All we need to do is to note that criminal punishment is violence. Arresting a person and holding him in jail, or executing him, is a violent act, backed by people with guns.

It is not wrong to incite violence or hostility against, for example, rapists, murderers, thieves, embezzlers, con artists, and the like. We do it all the time.

What is wrong is inciting unjustified violence against these people - with assuming that they are guilty, rather than assuming that they are innocent unless and until the weight of the evidence proves guilt beyond a reasonable doubt.

Homosexuals have a right to the same type of consideration. They have a right to our assumption that homosexual marriage is not a threat to the quality of our institutions geared for raising children unless and until the weight of the evidence proves otherwise beyond a reasonable doubt.

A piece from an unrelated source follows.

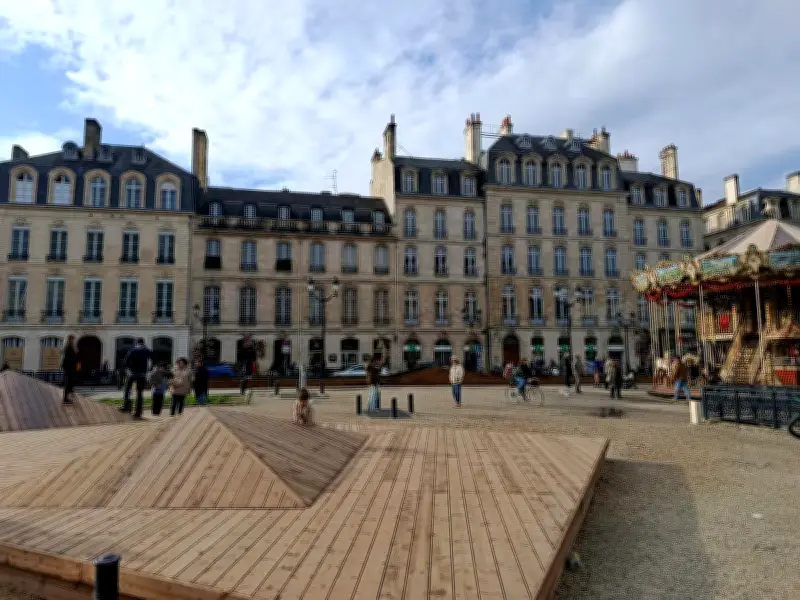 Bordeaux : le maire Thomas Cazenave arrête le réaménagement des allées de Tourny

And let us not forget . . . what is most often forgotten . . . that an important subset of those children whose interests we are supposed to be protecting are homosexuals.


Daisy said...

Great post!

Annie said...

Would you please clarify (or point me where I've missed reading) how and whether you make a distinction between condemning an act from condemning a person? If you don't make a distinction, would you elaborate as to why you don't? Thanks-

MrMalone said...

I appreciate your blog. I enjoy your posts. Later I will hopefully engage more in comments. Just wanted to drop a note of encouragement.

Eneasz said...

Annie said-
"Would you please clarify how and whether you make a distinction between condemning an act from condemning a person? If you don't make a distinction, would you elaborate as to why you don't?

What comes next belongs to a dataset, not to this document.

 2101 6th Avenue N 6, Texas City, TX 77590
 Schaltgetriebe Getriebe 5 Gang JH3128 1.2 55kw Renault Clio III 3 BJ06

I think this post may explain the distinction between condemning an act and condemning a person.

This quote (from near the end of the post) is a summation, and really it isn't very helpful without having read the linked post. But to quote/summarize:

"all moral judgments are ultimately judgments about mental states... Our identity – the ‘who’ we are – is a collection of mental states. It makes no sense to judge somebody – to call that person good or evil – without calling a collection of mental states good or evil."

Eneasz said...

To clarify the last point, what I meant to say was that - it is senseless to condemn and act. No one does that, and this is demonstrable. We only condemn desires/aversions, and by doing so condemn the people who have these desires/aversions (as condemning just a desire without condemning everyone who has this desire doesn't make any sense. If a desire is bad, then everyone who has this desire is bad in at least that one aspect.)

Eneasz said...

Annie -

I realize this is my 3rd comment on the same post. I apologize, I'm a bit scatter-brained right now. I wish I could edit these together as one comment.

To elaborate - in DU, one does not condemn acts. One condemns desires. The act of "shooting JR" is either good or bad depending on the desires motivating the act. Shooting JR due to a desire to take his money is bad. Shooting JR due to a desire to protect yourself/your loved ones (assuming it's obvious he is about to hurt you/your loved ones) is good. So it is the desires that are condemned, not the acts.

The reason you cannot condemn simply a desire without condemning a person is because desires don't exist on their own. There is no Platonic Ideal Desire to Protect, just as there is no Platonic Ideal Chair. All desires are contained within people. If there were no humans on earth, there would be no desires on earth. All desires are mental states of agents. Therefore when we condemn a desire we are saying "This person is bad because he has this mental state. You should not have this mental state. If you do, you will be punished." You cannot disentangle one from the other. To say that someone has bad desires (such as the desire to kill your loved ones for profit) without saying that the person himself is bad for having this desire is nonsensical.